(Assignment) Output, exactly as written, the lines below starting at the line containing "Kitchen — French Country" and ending at the line containing "智能制造新生態(tài) 中". Drop the pictures and keep both end lines.

(Entries provided)
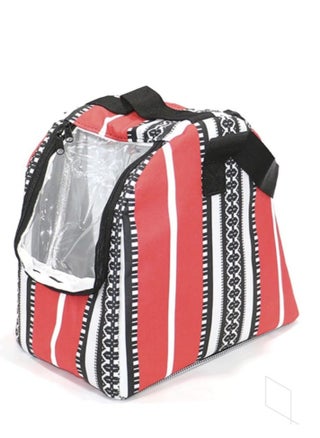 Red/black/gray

* * *

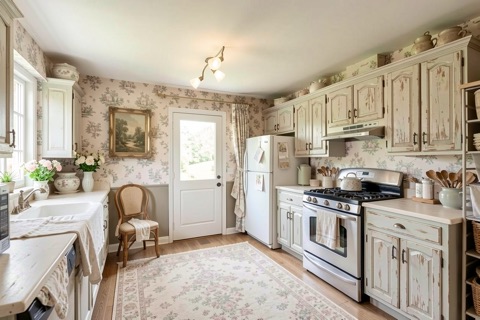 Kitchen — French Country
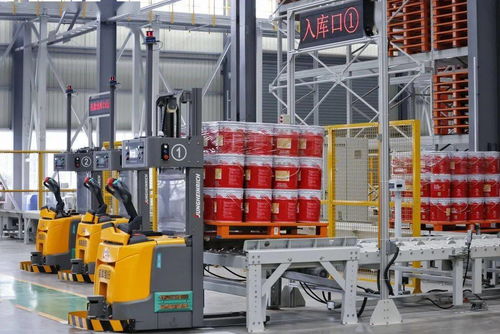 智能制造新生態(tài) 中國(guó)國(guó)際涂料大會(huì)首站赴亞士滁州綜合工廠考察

--

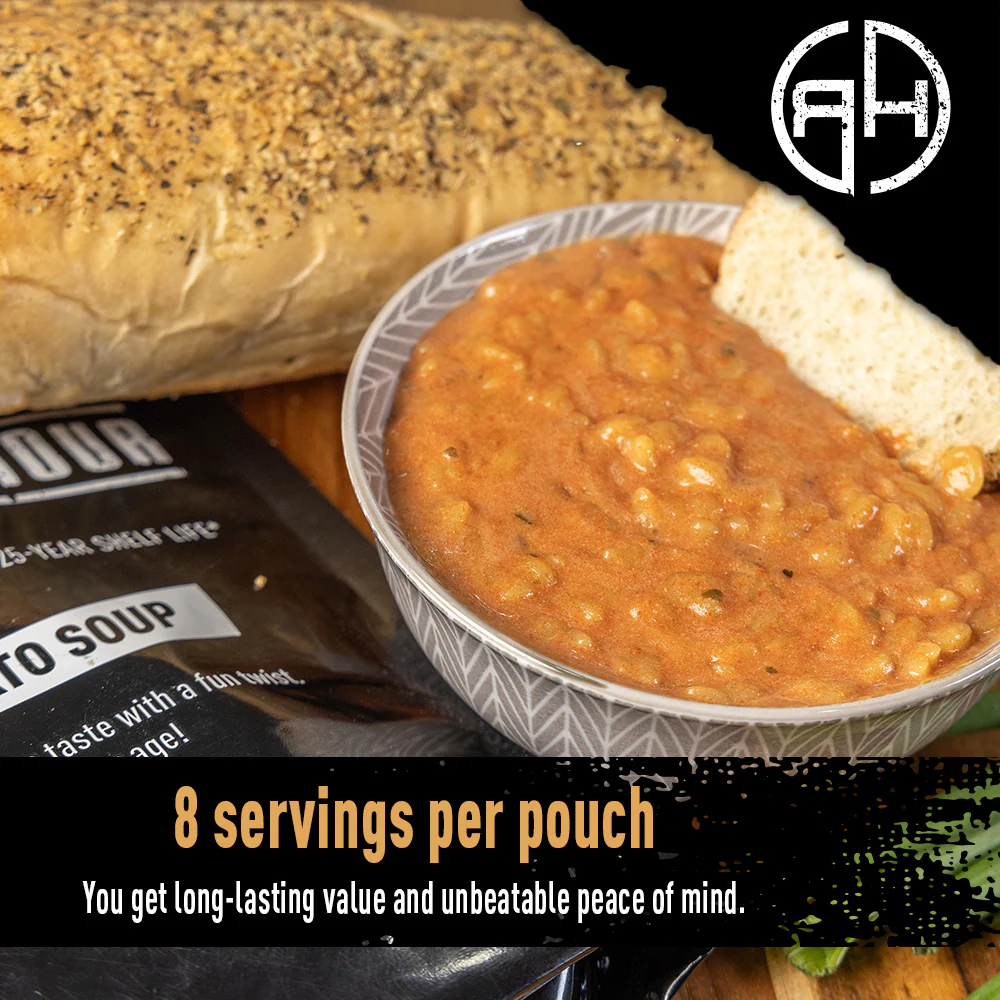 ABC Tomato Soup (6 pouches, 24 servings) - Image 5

(Written solution)
 Kitchen — French Country
 智能制造新生態(tài) 中國(guó)國(guó)際涂料大會(huì)首站赴亞士滁州綜合工廠考察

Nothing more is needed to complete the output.